-- Problem to work on --
Retype the records below from their first line through the line holding "Christian Fall Sweatshirt", including both ends and no pictures.

-- Data for this task --
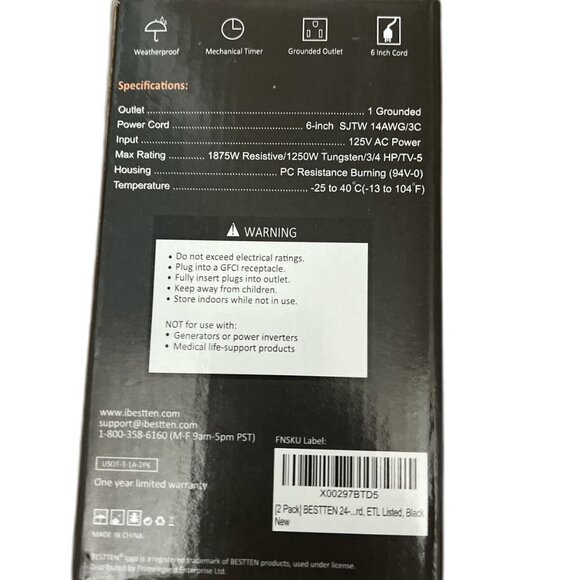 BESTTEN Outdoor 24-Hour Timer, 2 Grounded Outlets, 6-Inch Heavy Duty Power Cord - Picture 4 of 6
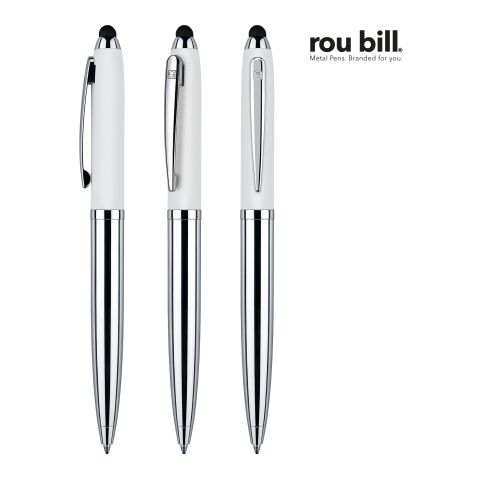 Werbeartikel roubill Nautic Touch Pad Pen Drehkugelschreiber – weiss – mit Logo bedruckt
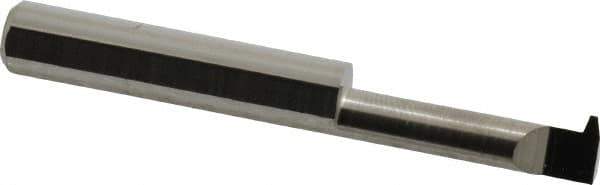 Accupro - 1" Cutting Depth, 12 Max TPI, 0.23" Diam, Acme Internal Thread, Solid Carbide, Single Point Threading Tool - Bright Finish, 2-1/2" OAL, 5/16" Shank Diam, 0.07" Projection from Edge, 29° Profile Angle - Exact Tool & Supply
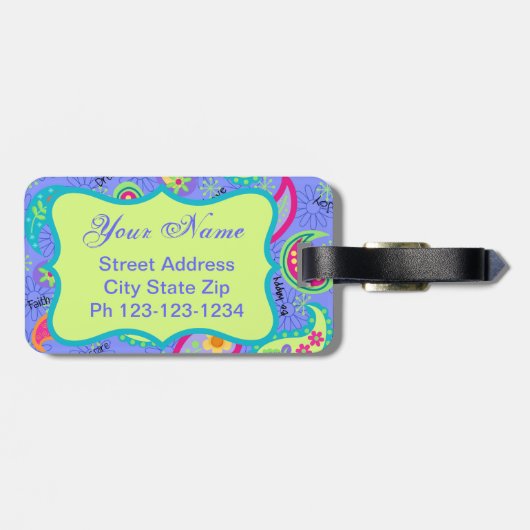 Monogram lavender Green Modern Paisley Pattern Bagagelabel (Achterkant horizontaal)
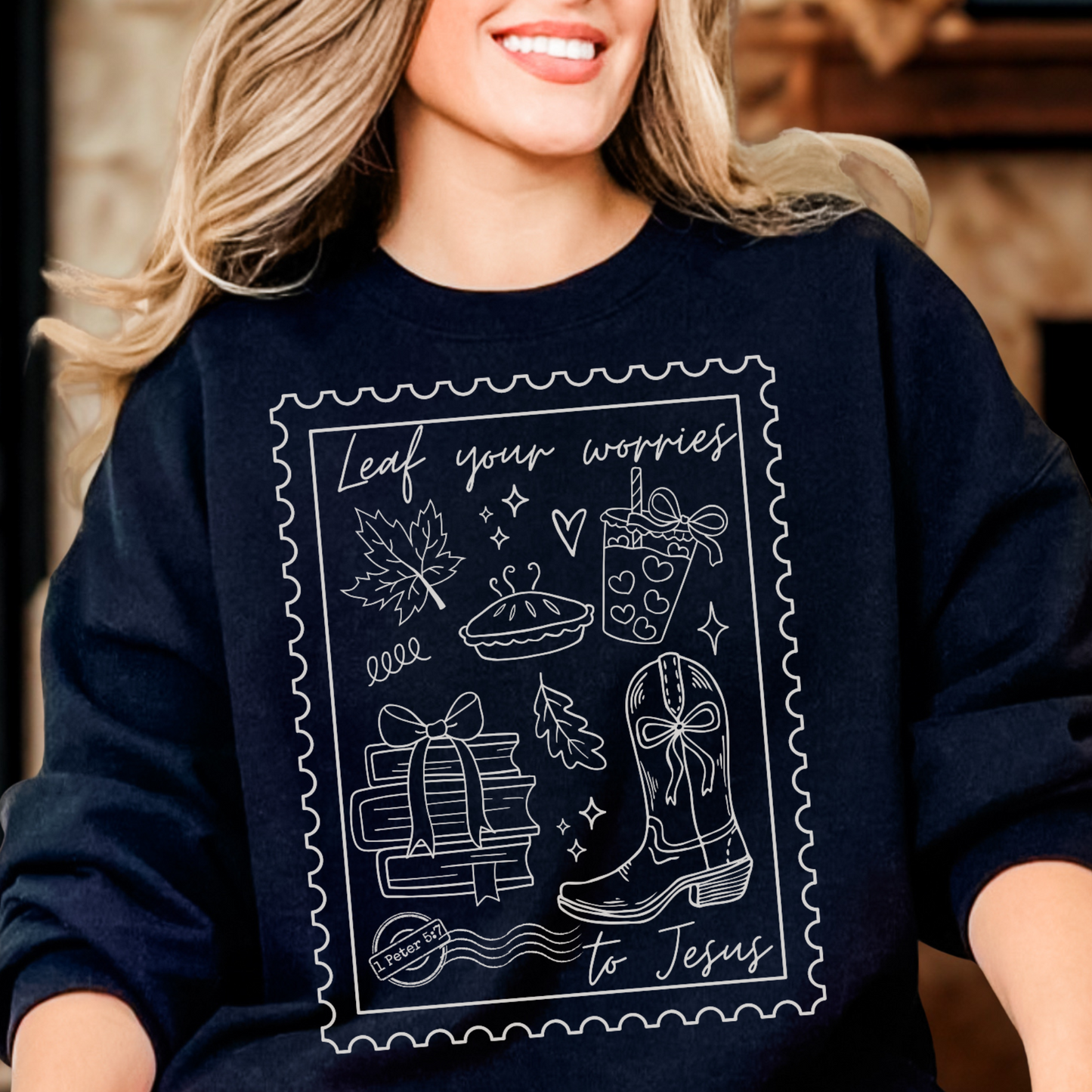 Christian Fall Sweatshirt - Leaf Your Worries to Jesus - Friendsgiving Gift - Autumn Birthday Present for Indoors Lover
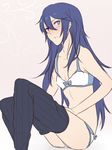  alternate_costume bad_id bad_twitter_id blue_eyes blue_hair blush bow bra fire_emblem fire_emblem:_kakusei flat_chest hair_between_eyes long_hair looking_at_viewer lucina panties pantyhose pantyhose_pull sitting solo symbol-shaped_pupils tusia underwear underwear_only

-- Output of the task --
 BESTTEN Outdoor 24-Hour Timer, 2 Grounded Outlets, 6-Inch Heavy Duty Power Cord - Picture 4 of 6
 Werbeartikel roubill Nautic Touch Pad Pen Drehkugelschreiber – weiss – mit Logo bedruckt
 Accupro - 1" Cutting Depth, 12 Max TPI, 0.23" Diam, Acme Internal Thread, Solid Carbide, Single Point Threading Tool - Bright Finish, 2-1/2" OAL, 5/16" Shank Diam, 0.07" Projection from Edge, 29° Profile Angle - Exact Tool & Supply
 Monogram lavender Green Modern Paisley Pattern Bagagelabel (Achterkant horizontaal)
 Christian Fall Sweatshirt - Leaf Your Worries to Jesus - Friendsgiving Gift - Autumn Birthday Present for Indoors Lover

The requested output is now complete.